Release Date: Sept 29, 2014
Length: Novel (230 pages)
Genre: Historical M/M romance (1980s)
Cover Art: Paul Richmond
Links: Dreamspinner Amazon Goodreads
Blurb: It’s the summer of 1983, and Trent Days is Major League Baseball’s rookie sensation. Born in Alaska to an Inupiat mother, the press have dubbed him the Eskimo Slugger, but a midseason collision at home plate temporarily halts his meteoric rise to the top.
Sent back to Austin to recuperate, Trent visits his favorite record store, Inner Sanctum, where he meets amiable law student Brendan Baxter. A skip in the vinyl of New Order’s “Blue Monday” drives Trent back to Brendan, and their romance takes them into uncharted territory.
As Trent’s feelings move from casual to serious, he’s faced with an impossible dilemma. Does he abandon any hope of a future with Brendan and return to the shadows and secrets of professional sports? Or does he embrace the possibility of real love and leave baseball behind him forever? As he struggles with his decision, Trent embarks on a journey of self-discovery—to figure out who he really is and what matters most.
Review:
I’ve saved the best for last. This book distilled into one sentence–the end is only the beginning.
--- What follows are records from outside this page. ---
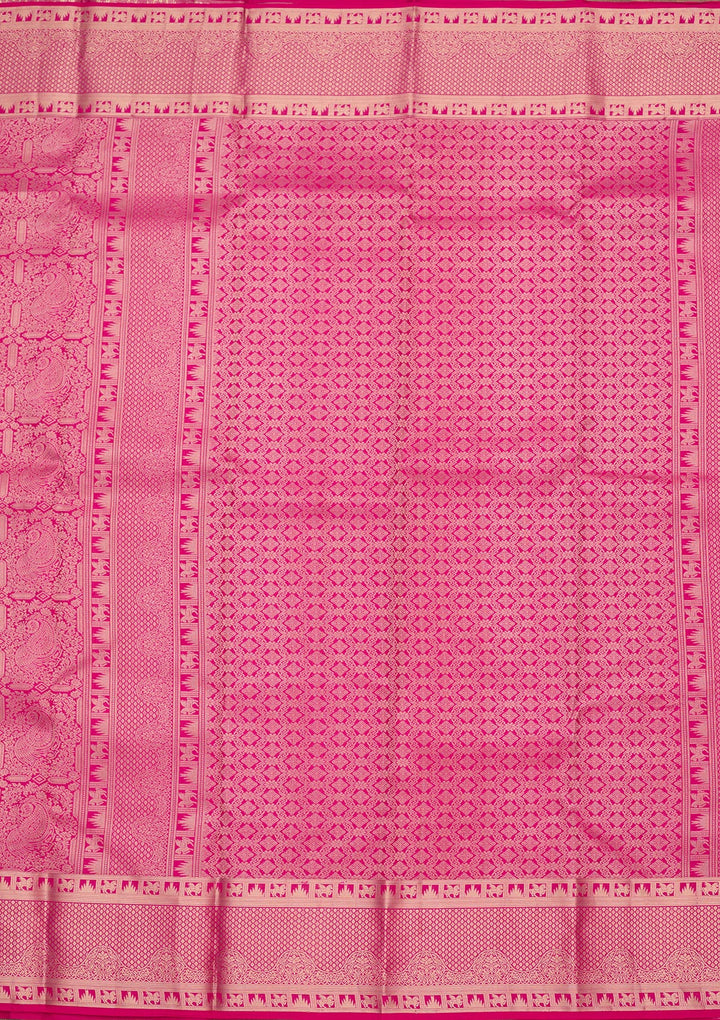 Rani Pink Zariwork Pure Silk Saree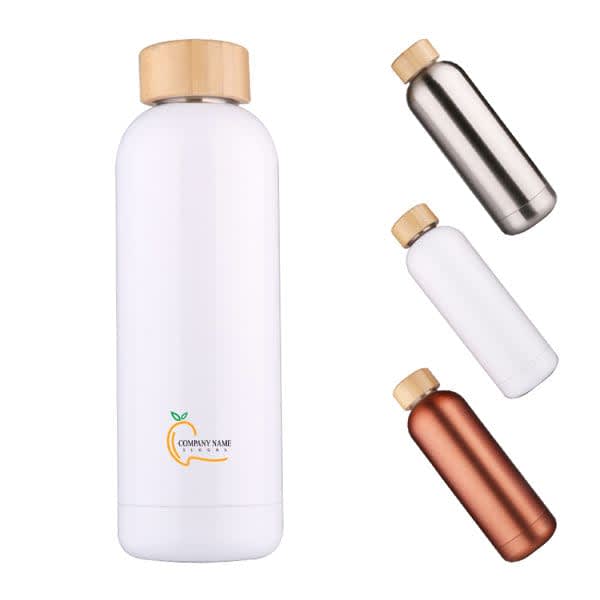 A drink bottle featuring a small mouth, white body, bamboo lid, and various metallic finishes in the background. 500ml Small Mouth Vacuum Water Bottle With Bamboo Lid - Image 1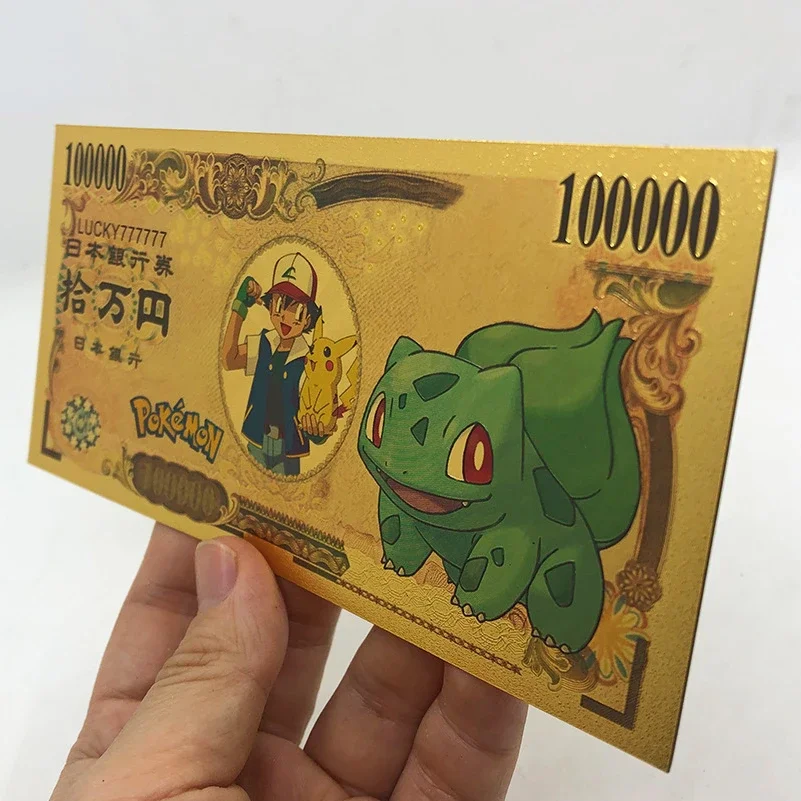 Kawaii Pokemon Banknote Cute Cartoon Commemorative Coins Anime Game Figure Cards Pikachu Coins Children\'s Birthday Gift Toy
Standing on its own, this is a solid 4-Heart book, no question. Combined with the other two books in the series, this book is a 9.5 on a scale of five. Please, I’m BEGGING you… Read The Nothingness of Ben and The Return before you open The Eskimo Slugger. Trust me when I say, reading them in order creates a synergy that makes the whole so much more than the sum of all the amazing parts. While the events in this book chronologically happen first, Quincy would remind us that time isn’t necessarily linear, so The Eskimo Slugger can be and is both prologue and epilogue to the rest of the series.
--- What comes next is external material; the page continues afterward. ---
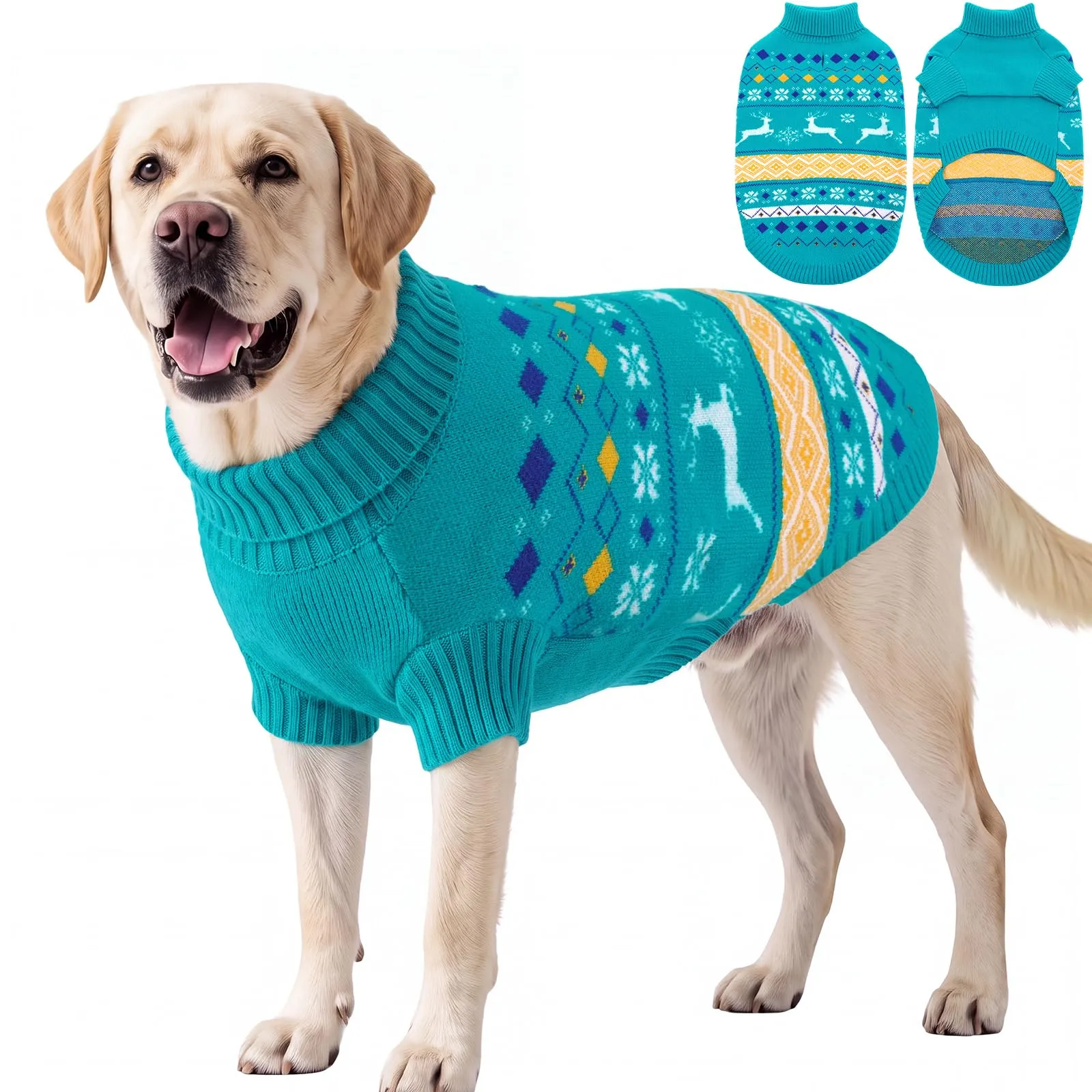 ASENKU Maglione di Natale per Cane Taglia Grande XL, Maglia Pile Antipilling a Maniche, Abbigliamento Caldo Invernale Maglioncino per Cani Border Collie Beagle, Uscite Fredde Domestiche - immagine 1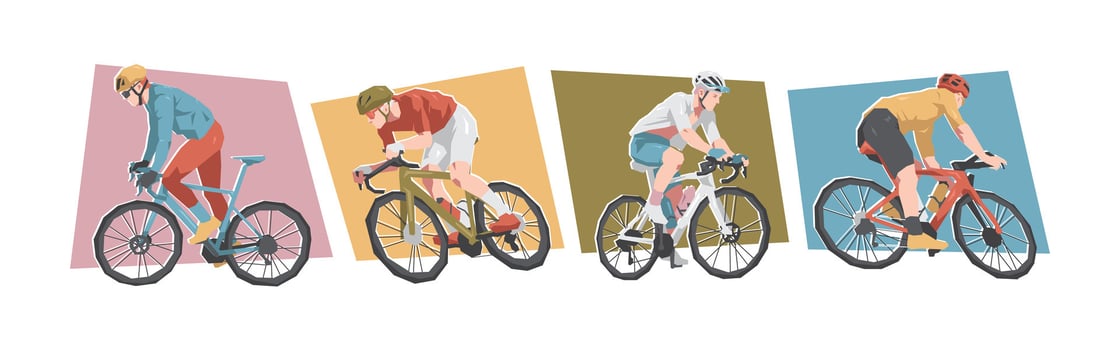 Set of male road cycling athlete. Sport, race, competition concept. Isolated on white background. Flat illustration. vector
This is probably the hardest review I’ve ever had to write because I really don’t want to give anything away. It’s the early eighties and Brandon is a law student and works in a record store to put himself through school while Trent is the MLB poster boy of the year and a rookie-sensation. It’s just the beginning of the AIDS crisis, even a minor gay character on television was a HUGE deal and being out of the closet was something that only really happened in big cities. Whether it’s fate or just serendipity, Trent and Brandon find one another and they are almost immediately placed at a crossroads. The choices they make over these three weeks will change everything, no matter what they choose.
If you do read the books in order, (Please do. I begged you, remember?) you will go into the story already knowing how it ends, which makes every word, every minute that much sweeter. Brad Boney is as much an orchestra conductor as a writer spinning the themes of all three books around you like a symphony coming to a beautiful and masterful crescendo that will leave you breathless and emotionally spent. It is so good, I’m waxing poetic.
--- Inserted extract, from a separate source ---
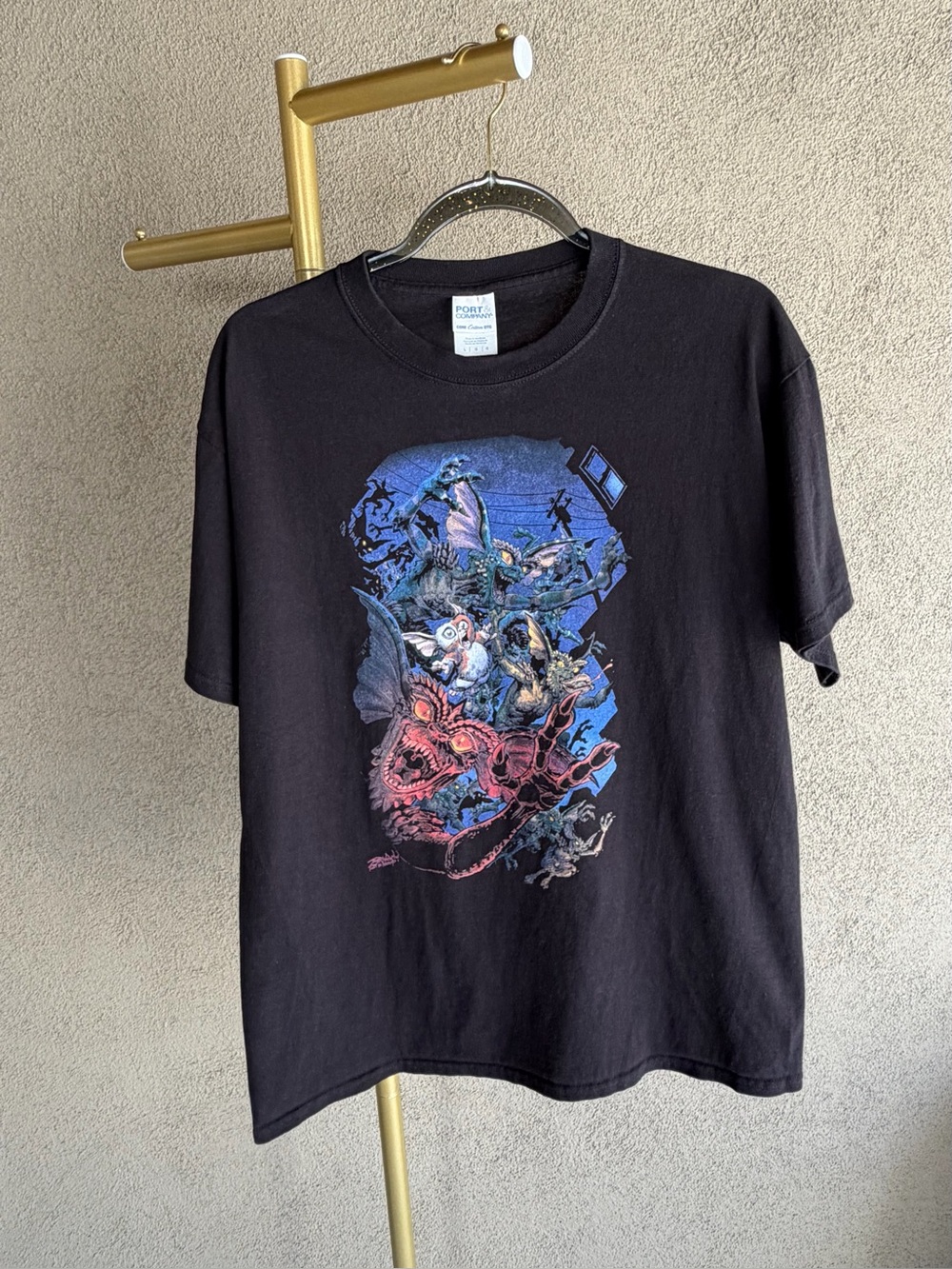 Gremlins Gizmo Character Collage Black Graphic T-Shirt Halloween Horror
While the baseball is more background than part of the story, it defines Trent, at least in the beginning. How do you risk losing the thing you think defines you when it could mean squandering a God-given talent? The answer depends on whether you can see what truly makes you who you are. Sometimes you just have to sit and wait until the muddy water clears to see the answer that’s been right in front of you the whole time.
The Eskimo Slugger has a typical Paul Richmond cover… and it fits the book to a T. I just wish the three books in the series had a unified cover scheme that reflected the complexity and the beauty that Brad Boney has created.